US Military Testing Bug Size Drones

It’s a Kurt Vonnegut fantasy come true; the United State Military is toying with the idea of using tiny nano drones no bigger than a bumble bee for scoping out enemy positions in Afghanistan and for spying on our enemies in places like Iran and North Korea to see what kind of mischief they’re up to so they can be busted in the court of world opinion.

These minidrones are being tested by US Special Forces in secret testing grounds scattered across the United States. While the testing areas are Off Limits to civilians, word of their diminutive flights has leaked out to local media around the country, and sightings and photographs of the little mechanical snoops are appearing with more and more frequency in both mainstream and fringe media. The military is not going to be able to keep this project under wraps for very much longer.

A Norwegian company called Prox Dynamics is making the tiny drones for the Pentagon, after British soldiers began using similar devices back in 2013 to gather intel on snipers and terrorist suspects in South America.

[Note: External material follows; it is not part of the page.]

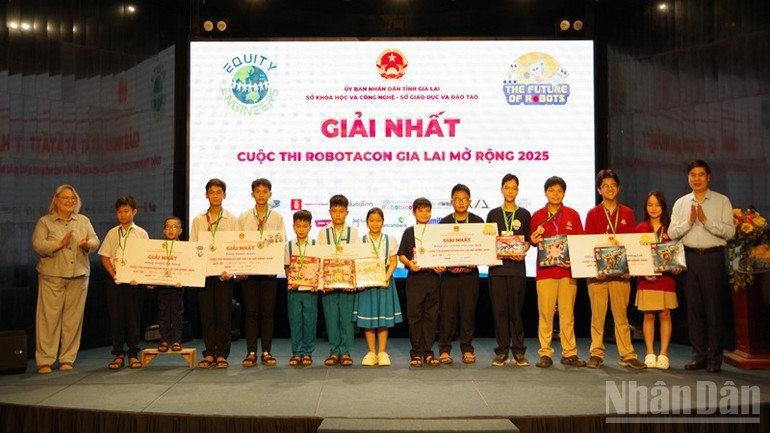 Trao giải cho những đội đạt thành tích trong cuộc thi. ndo_br_imgp0406.jpg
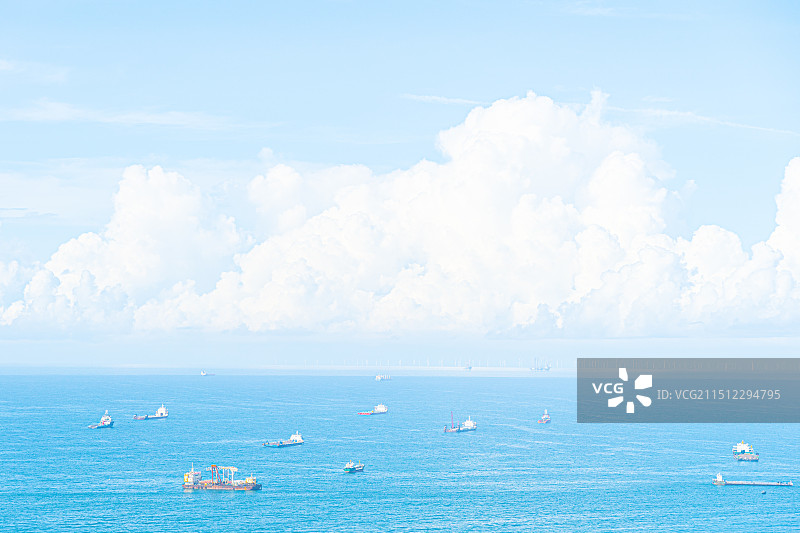 云朵和海图片素材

The little drones are called PD-100 Black Hornets — almost a DC comic book title, or Netflix show.

The Black Hornet nano drone fits in the palm of the hand and has a battery life of up to two hours. It can range as far as two miles and features both a regular and an infrared heat camera. It is also able to pick up audio transmissions and even human voices if it can get close enough. It’s four helicopter blades are unusually quiet and unobtrusive when viewed from the ground.  Although the Pentagon is not commenting on it, media sources say that US Special Forces have already been using the little flying snoops to gather intel in Yemen, Afghanistan, Turkistan, and Iraq.

The FCC is not liking the proliferation of military grade mini drones, which might fall into the hands of nosy civilians or even homegrown anarchists bent on destruction. So far the huge price tag of the Black Hornet nano drone has kept it out of civilian hands — it retails at forty-thousand dollars each, according to Ole Aguirre, the business development VP of Prox Dynamics in Norway. But since the Pentagon plans on spending several billion dollars on drone technology in the next few years, that’s really no problem for the soldier on the ground who wants eyes in the sky to tell him or her where the enemy is lurking and in how big a group.

Some other uses of military nano drones that should be operational soon include flying them across flooded rivers to find safe passage areas for troops, and flying them right into the cones of active volcanoes to take samples, gauge the temperature, and send videos of magma activity — this is something that the Hawaii state government has specifically asked the Armed Forces to do for civilian safety on the Big Island. Mini drones are also being considered for MP duty at military camps, keeping soldiers and sailor with itchy feet from going AWOL and also guarding the parameters of camps looking for suspicious activity that might lead to an outside attack.

The one thing the military is NOT talking about is arming mini drones with any kind of weapon — but that doesn’t mean they’re not thinking about it, or have actually already got nano drones that can shoot poison darts or something equally deadly.